Note: The section of the PCT we are doing has no elevation gains greater than 4000 feet. There are summits that will be challenging with our back packs weighing between 32-45 pounds.
Remember building all we need within us is a process over time….and we are what we eat. Eating healthy and drinking lots of water is important. Always have fun and respect your limits. Avoid injury by NOT doing too much too fast…. start somewhere but start slow if just beginning to train. A day of rest can do your body and mind wonders.
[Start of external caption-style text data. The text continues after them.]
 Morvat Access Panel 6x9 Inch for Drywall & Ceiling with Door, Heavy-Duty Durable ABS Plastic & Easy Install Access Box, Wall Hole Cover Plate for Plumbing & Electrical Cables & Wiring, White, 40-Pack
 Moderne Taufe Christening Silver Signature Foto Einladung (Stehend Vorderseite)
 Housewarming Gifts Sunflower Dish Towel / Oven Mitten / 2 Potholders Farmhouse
To work out with tribe members is beneficial, motivational and keeps you accountable.
Training for a thru hike:
“The difference between a dream and a goal of a thru-hike: An action plan in place to gain momentum for the changes your body will need to achieve your dream while gaining the confidence you need to follow through.” -BK
HINT: Make a commitment to the days per week for training and stick to it
Cardio and endurance is essential
-hiking steep and difficult trails for a minimum of 2 hours once a week (increase distance and time bi-weekly-gradually)
-challenging quick-paced cardio workout (running, treadmill, biking or stairs) with incline increasing over time for 1 hour a day
-engage in fitness class as an alternative for a shake-up to muscles 1 hour a week (swimming, abs of steel tape, Les Mils at a gym or boxing)
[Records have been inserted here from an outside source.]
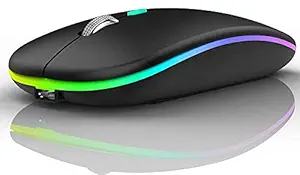 Offbeat® - DASH 2.4GHz Wireless + Bluetooth 5.1 Mouse, Multi-Device Dual Mode Slim Rechargeable Silent Click Buttons Wireless Bluetooth Mouse, 3 Adjustable DPI, Works on 2 devices at the same time with a switch button for Windows/Mac/Android/Ipad/Smart TV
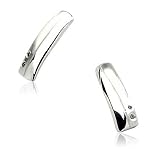 White Ice - Sterling Silver Bars with 4 Diamonds Earrings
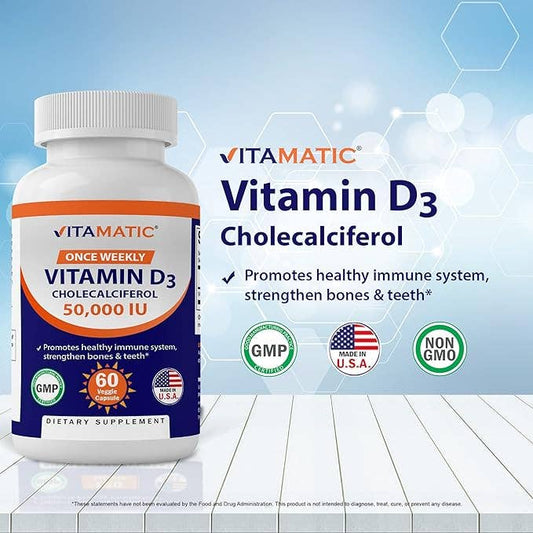 VITAMIN D3 50000IU 60 VEGGIE TABLETS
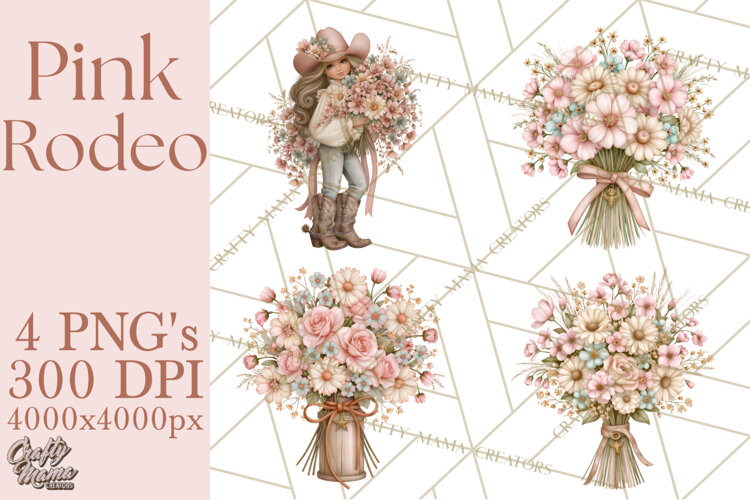 Pink Rodeo Western Clipart PNG, Rustic Cowgirl example image 1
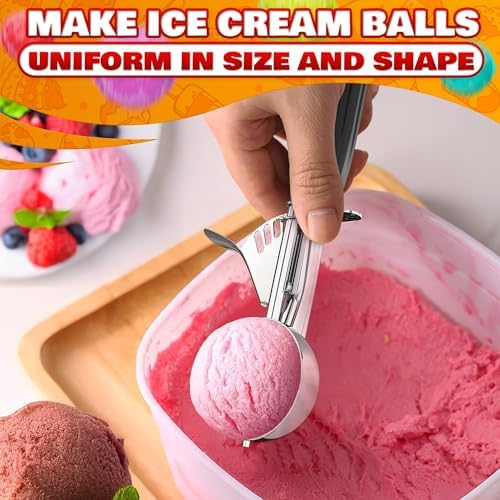 1 Oz Ice Cream Scoop with Trigger, #30 Disher for Portion Control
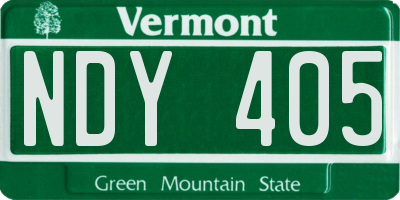 VT license plate NDY405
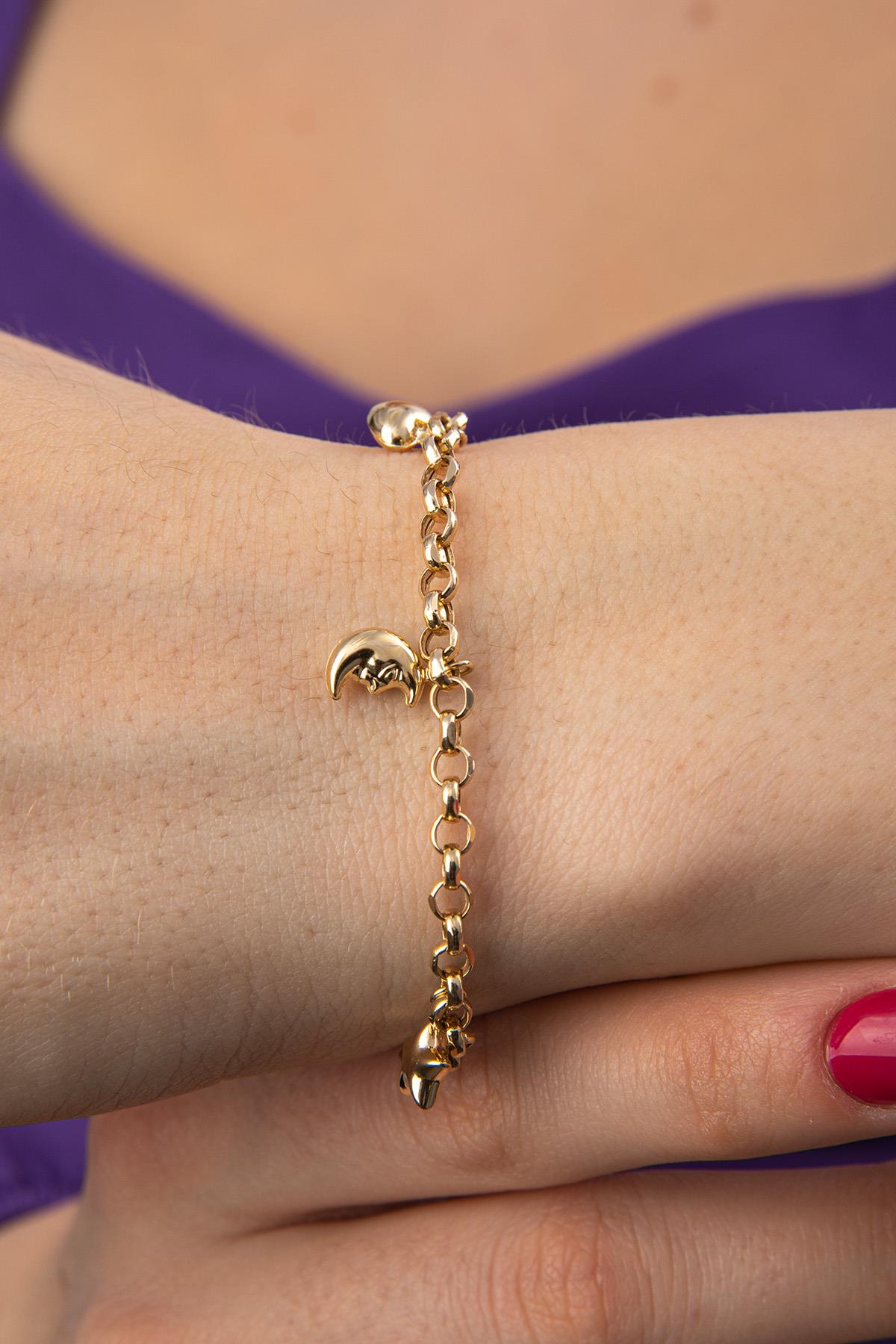 14K Gold Rolo Lucky Charm Bracelet 2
Core strength is imperative
-weight train 3 times weekly for a minimum of ½ and increase weight over time (do 2 to 3 sets of 15 repetitions of each exercise working arms, legs and core)
-yoga, TRK, good old calisthenics or swimming improves core strength (calisthenics: jumping jacks, wall sits, push up, abdominal crunches, chair set-ups, squats, side lunges, squat jacks, high knee shuffle, ski umps, chair tri-cep dips, plank, high knee running in place and mountain climbers to name a few that can be done in circuit form and done twice with 30 second rest between 1 minute of 13 exercises)
– stretching after a good hike or work out is the best time to stretch because you are warmed with blood flowing through your muscles. Basic stretching after each workout will decrease soreness and increase your range of motion
– Varying exercises with increase of time, incline, distance and weight improves stamina and overall benefits of training
Our tribe starts TODAY! We are starting with the stairs at McKale Center (@ U of Arizona their basketball stadium). We will run up and then down all of stairs for an hour -around and around we will go. We are trying to exercise be it hiking, walking, running or swimming 5 days a week with a long hike at least once a week. This Sunday we are doing Blackett’s in Sabino Canyon National Park which is a total of 8-miles, but the last leg of it is up 1.7 miles with a 1700-foot elevation gain. Tucson tends to have awesome winter weather making outdoor training easy and a multitude of diverse types of hiking trails to choose from. And the stadium stairs for not-so-good weather days. We will start adding weight to our backpacks and do a few shake-out overnights that will prepare our bodies to carry the weight of our packs on the 14-day journey.
Start today……. stick with it! You will only get better!